Home Business Legal Issues To Consider

by WorkFromHome on November 23, 2011

Whether you are working from home as an independent contractor or building a home based business, there are several legal issues that need to be considered. Even though your business or job is based out of a house, both local municipalities and the IRS will still classify your income and activities as they would any other type of business structure. In order to protect both your income and legitimacy it is important to keep the following legal issues in mind.

Choosing The Right Business Structure

For most people who have a home business the question ultimately arises about whether to structure the business as a sole proprietorship or a corporation. The answer to this question depends on the type of business that is being conducted. The purpose of declaring any business as a corporation is mainly to protect personal assets from creditors and to shield the owners against liability. If you have the type of home business that could possibly become entangled in a lawsuit, you should definitely consider incorporating. Here is an overview of the different structures most commonly used by work at home professionals.

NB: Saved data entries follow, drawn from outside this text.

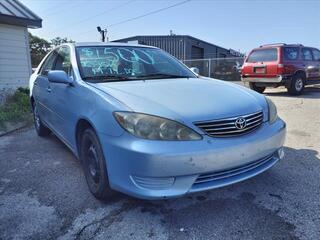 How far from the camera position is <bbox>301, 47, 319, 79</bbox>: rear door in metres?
10.6

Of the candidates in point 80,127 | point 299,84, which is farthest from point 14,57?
point 299,84

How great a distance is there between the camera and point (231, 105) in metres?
2.63

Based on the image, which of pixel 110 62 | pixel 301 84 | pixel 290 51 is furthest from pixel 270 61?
pixel 110 62

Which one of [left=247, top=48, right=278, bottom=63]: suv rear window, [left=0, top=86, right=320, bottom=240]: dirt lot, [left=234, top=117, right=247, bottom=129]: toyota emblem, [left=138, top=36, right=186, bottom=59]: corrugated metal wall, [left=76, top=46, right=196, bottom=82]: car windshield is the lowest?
[left=0, top=86, right=320, bottom=240]: dirt lot

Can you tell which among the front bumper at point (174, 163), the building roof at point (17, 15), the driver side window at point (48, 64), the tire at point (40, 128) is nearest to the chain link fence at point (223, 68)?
the building roof at point (17, 15)

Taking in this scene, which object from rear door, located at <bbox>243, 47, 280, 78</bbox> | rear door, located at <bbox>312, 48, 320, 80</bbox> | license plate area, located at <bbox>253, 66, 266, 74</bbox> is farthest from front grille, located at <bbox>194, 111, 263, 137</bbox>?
rear door, located at <bbox>312, 48, 320, 80</bbox>

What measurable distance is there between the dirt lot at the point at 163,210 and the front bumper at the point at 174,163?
35 centimetres

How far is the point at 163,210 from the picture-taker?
2.71 metres

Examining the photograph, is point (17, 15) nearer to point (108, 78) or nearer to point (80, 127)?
point (108, 78)

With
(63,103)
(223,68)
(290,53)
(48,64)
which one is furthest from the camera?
(223,68)

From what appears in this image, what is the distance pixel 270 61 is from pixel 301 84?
143 centimetres

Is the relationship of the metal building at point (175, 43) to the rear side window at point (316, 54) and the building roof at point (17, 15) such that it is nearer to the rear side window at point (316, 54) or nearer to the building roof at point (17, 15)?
the rear side window at point (316, 54)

Sole Proprietorship: This is the simplest form of operation because there are no legal forms to file and no additional tax returns required by the IRS. You, personally, are the business and retain full control of the business operations. Any profits you earn will be included on your tax return as Schedule C income. The down side of this structure is that your personal assets will not be shielded in the event that adverse legal judgments arise from faulty products, shoddy service or copyright infringement.

Limited Liability Corporation (LLC): In most states, an LLC is the simplest and least expensive way to incorporate a business. This structure offers liability protection to owners against personal assets and all profits or losses of the business are passed through the owner’s individual tax returns. This structure will also allow you to sell shares for raising capitol and more easily transfer ownership of the business.

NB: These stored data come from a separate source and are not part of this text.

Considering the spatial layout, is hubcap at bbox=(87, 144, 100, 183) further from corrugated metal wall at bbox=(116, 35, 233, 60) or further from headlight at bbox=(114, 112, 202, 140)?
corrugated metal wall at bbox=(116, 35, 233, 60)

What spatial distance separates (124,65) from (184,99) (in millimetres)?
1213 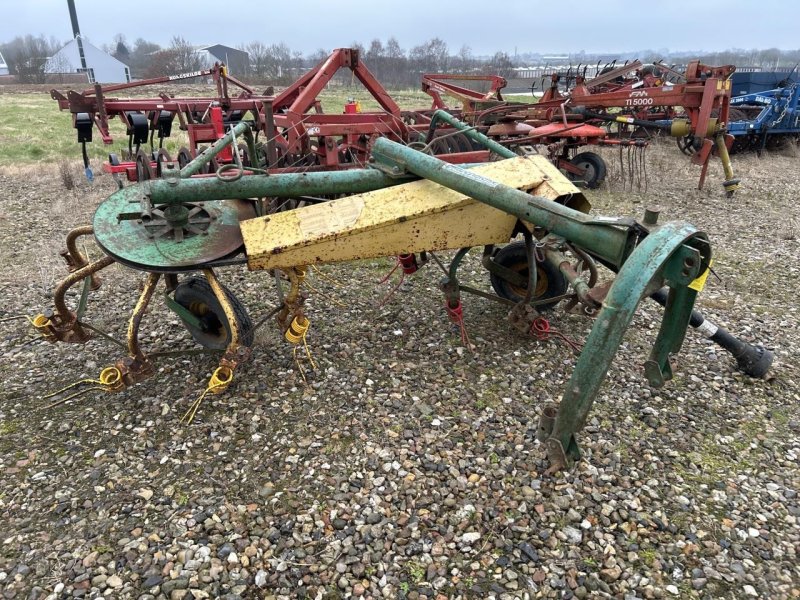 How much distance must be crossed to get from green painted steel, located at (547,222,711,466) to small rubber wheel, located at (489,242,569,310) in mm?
1846

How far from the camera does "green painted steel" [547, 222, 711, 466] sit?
2.16 meters

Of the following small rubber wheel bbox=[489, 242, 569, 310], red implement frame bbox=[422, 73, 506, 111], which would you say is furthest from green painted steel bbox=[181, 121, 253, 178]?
red implement frame bbox=[422, 73, 506, 111]

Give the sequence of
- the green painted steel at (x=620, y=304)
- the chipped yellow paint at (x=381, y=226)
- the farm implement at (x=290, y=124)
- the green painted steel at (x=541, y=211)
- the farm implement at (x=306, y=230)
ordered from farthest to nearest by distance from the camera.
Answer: the farm implement at (x=290, y=124) < the chipped yellow paint at (x=381, y=226) < the farm implement at (x=306, y=230) < the green painted steel at (x=541, y=211) < the green painted steel at (x=620, y=304)

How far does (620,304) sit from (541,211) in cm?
78

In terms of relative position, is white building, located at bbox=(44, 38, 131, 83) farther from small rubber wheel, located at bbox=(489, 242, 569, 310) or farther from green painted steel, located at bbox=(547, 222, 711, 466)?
green painted steel, located at bbox=(547, 222, 711, 466)

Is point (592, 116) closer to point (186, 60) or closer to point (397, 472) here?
point (397, 472)

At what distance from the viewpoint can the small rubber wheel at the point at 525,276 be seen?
4219 millimetres

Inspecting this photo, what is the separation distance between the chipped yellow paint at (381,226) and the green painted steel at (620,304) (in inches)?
48.5

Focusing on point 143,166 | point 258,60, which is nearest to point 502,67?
point 258,60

S Corporation: This is the most common type of small business structure because it protects the shareholders, who are usually the owners, against the debts of the corporation. The corporation is managed by a board of directors that usually include the owners and immediate family members. The big advantage of this type of structure is that the profits or losses pass through to the shareholders directly instead of being taxed as both corporate dividends and personal income.

Different states have different incorporation procedures and tax laws, so it is important for you to thoroughly research the regulations in your state to determine the best structure for your home business. You can always start out as a sole proprietorship and incorporate at a later date. Just be sure to fully protect your personal assets as much as possible.

Zoning Laws

All major municipalities have zoning laws governing where and how a business can be operated. These laws in your area could have a major impact on your home business. This is especially true if you have clients coming and going from your home on a regular or if your business requires additional employees. The last thing you need for a successful home business is having neighbors upset about traffic and other disruptions in the neighborhood.

If your home business is just you working from an office on a computer this should not be a problem, but it is always wise to check local zoning laws and determine how they might impact your operations in the future. In many areas, laws require that home-based entrepreneurs must obtain a business permit or license. With the rapid growth in home businesses and work from home jobs, experts expect to see local municipalities more carefully scrutinize where zoning laws are being violated and how they should be adjusted to better meet the emerging home business market.

Insurance Coverage

Your homeowners insurance policy is a legally binding contract between you and your insurance provider. While this policy will cover you as a homeowner, it may not cover you in certain areas as a business owner working from home. It is always better to clarify these differences in coverage up-front than to discover them after it is too late. For instance, your business hires one part-time employee for customer service. If that employee slips in the bathroom during working hours, would you be covered and how does workman’s compensation factor in? Depending upon the type of business you are conducting, it may be necessary to purchase a business insurance policy to fully protect your assets and employee obligations in the event of an injury on the work site.